__Problem details__.
Word for word, copy the line containing "Suitable for Various" and every line after it in the records below, leaving pictures out.

__Records shown__.
***
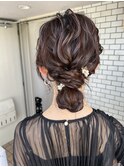 ローアップ ヘアセット お呼ばれヘア
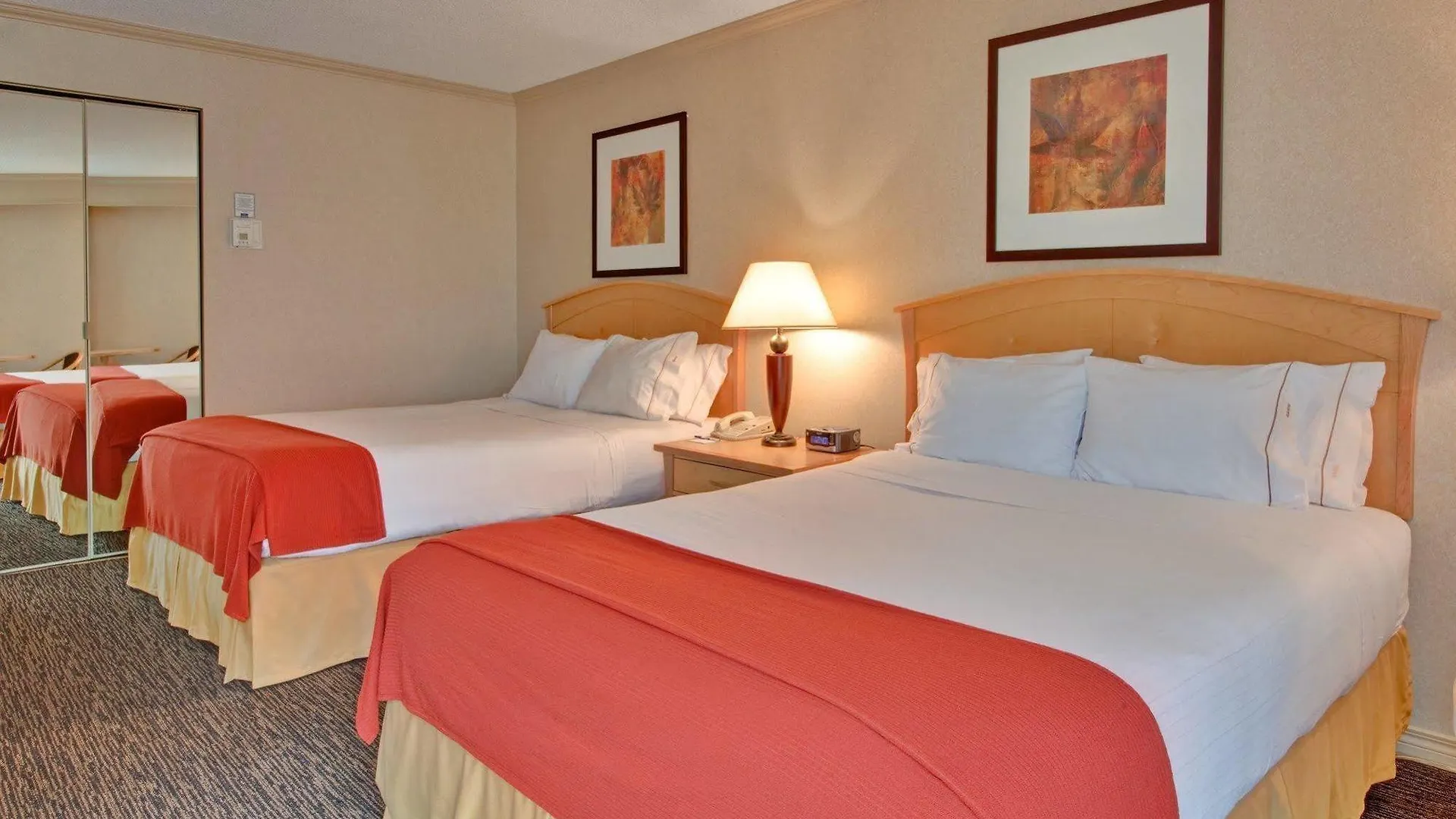 Отель Holiday Inn Express Edmonton Downtown By Ihg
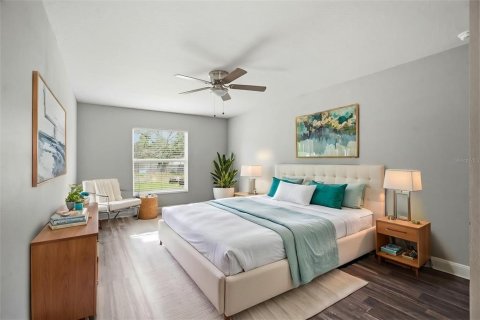 House in Spring Hill, Florida 4 bedrooms, 207.73 sq.m. № 2223100 - photo 16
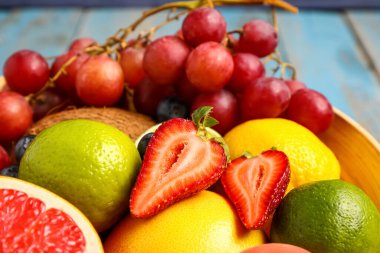 Farklı taze meyveli kase, yakın plan.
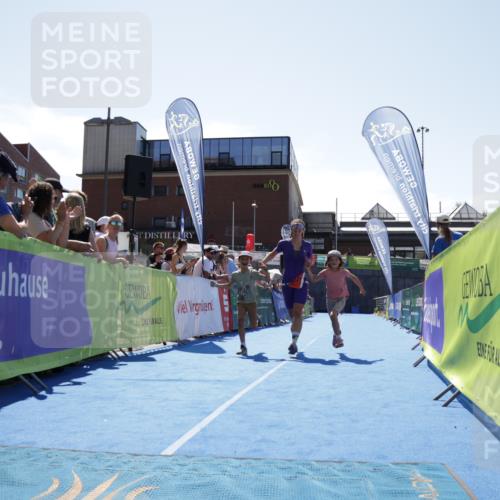 09.08.2026 - GEWOBA Citytriathlon Bremen Yannick Fuchs http://msf.ph/oto/9945148 09.08.2026 14:22:01 Ziel 630, 976, 1156 meine-sportfotos.de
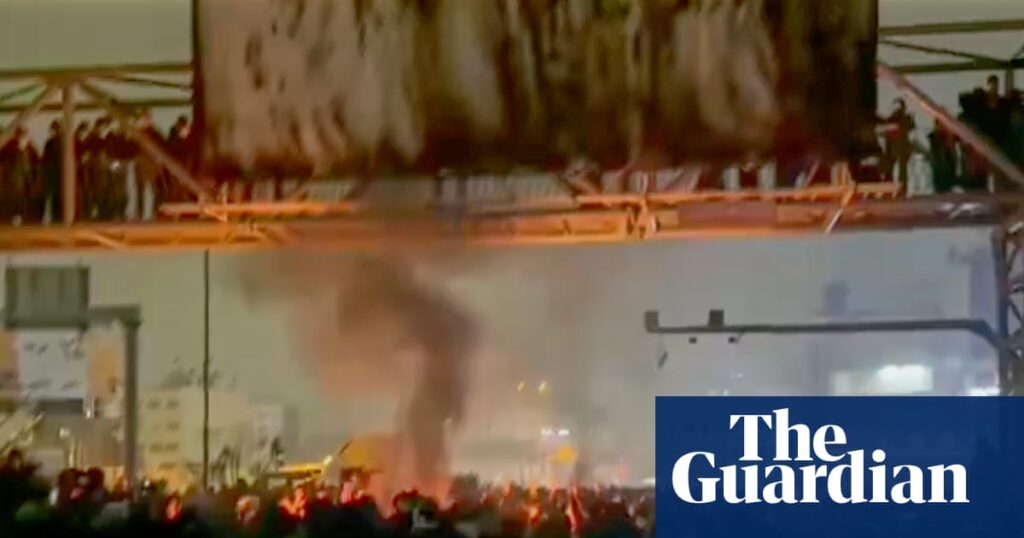 UK wants ‘peaceful transition’ of power in Iran, says minister | Foreign policy UK wants ‘peaceful transition’ of power in Iran, says minister | Foreign policy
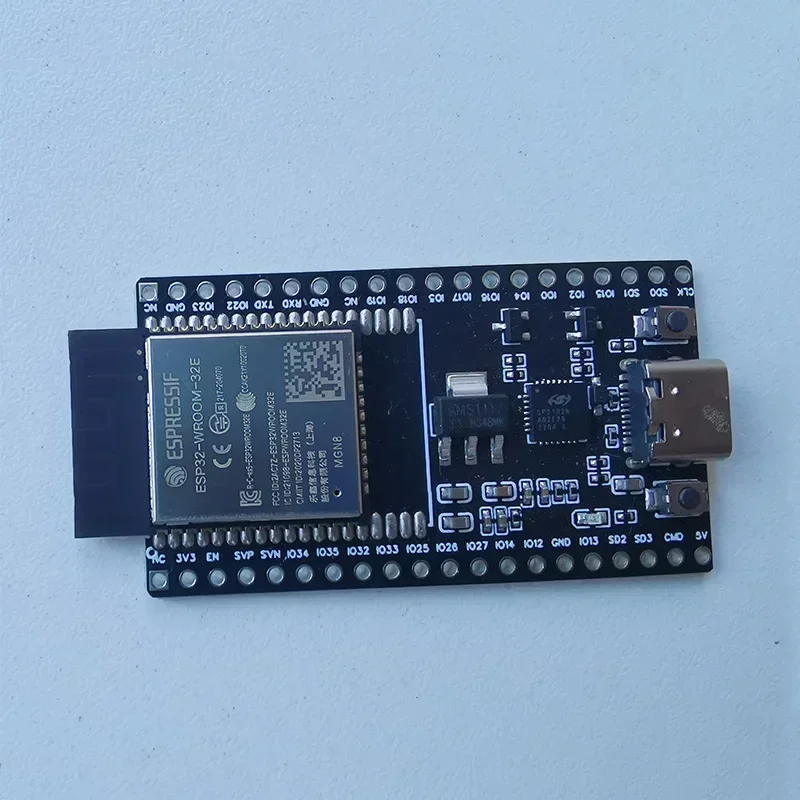 ESP32 DevKitC  Suitable for Various ESP32-WROOM-32E 4MB Module DevKit ESP32-DevKitC  CP2102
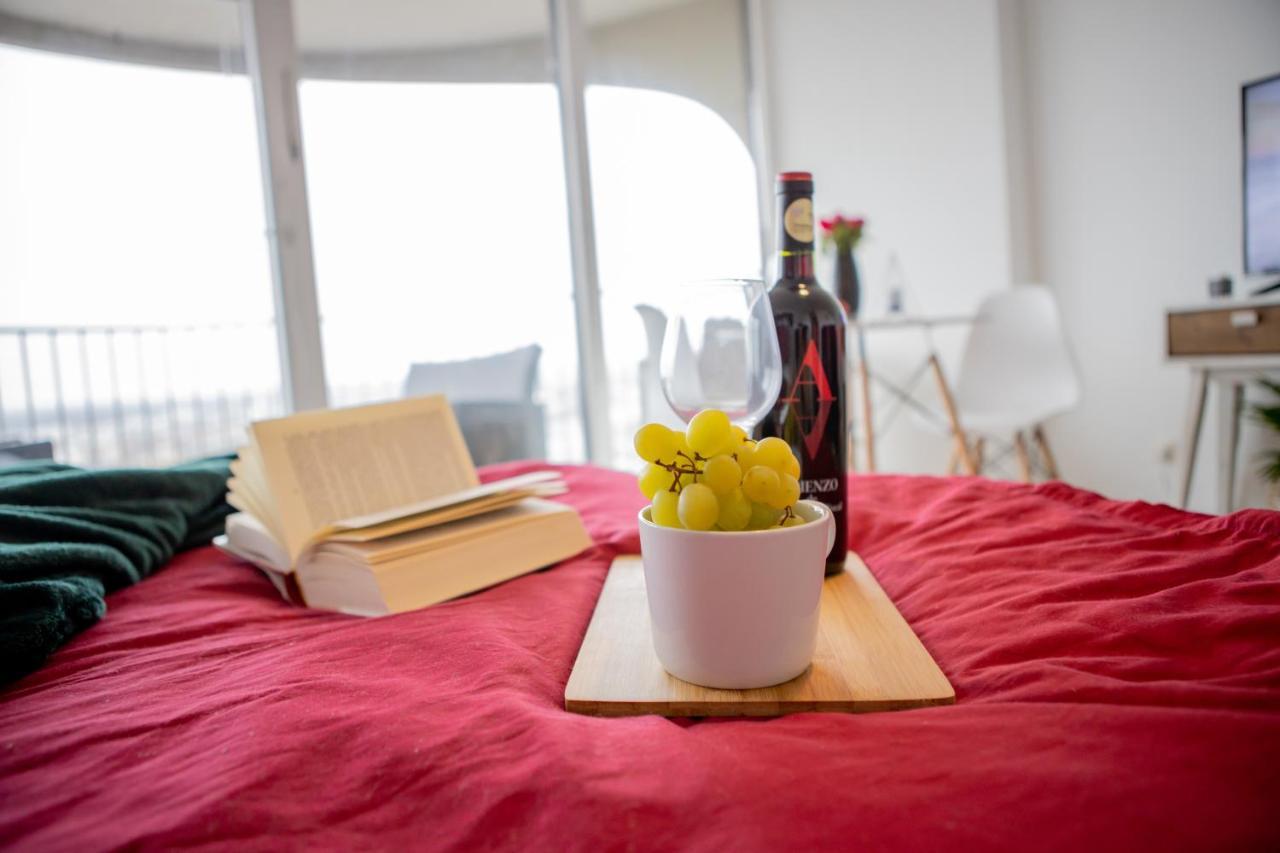 Modernes Apartment Mit Tollem Blick Ueber Die Stadt Augsbourg Extérieur photo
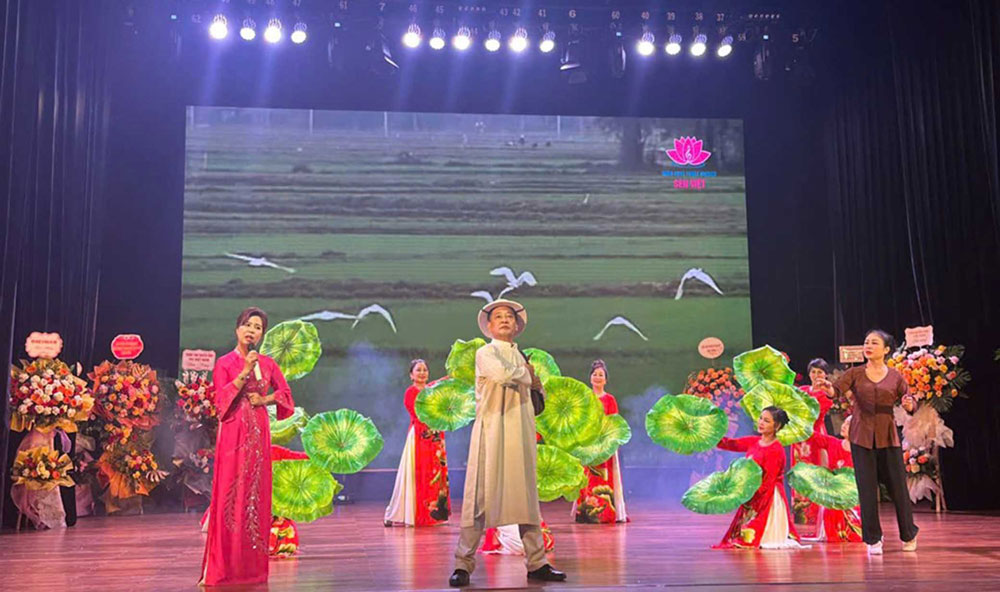 Tiết mục tái hiện hình ảnh Nguyễn Tất Thành ra đi tìm đường cứu nước. Ảnh: UNESCO Sen Việt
***
__Answer box__.
 ESP32 DevKitC  Suitable for Various ESP32-WROOM-32E 4MB Module DevKit ESP32-DevKitC  CP2102
 Modernes Apartment Mit Tollem Blick Ueber Die Stadt Augsbourg Extérieur photo
 Tiết mục tái hiện hình ảnh Nguyễn Tất Thành ra đi tìm đường cứu nước. Ảnh: UNESCO Sen Việt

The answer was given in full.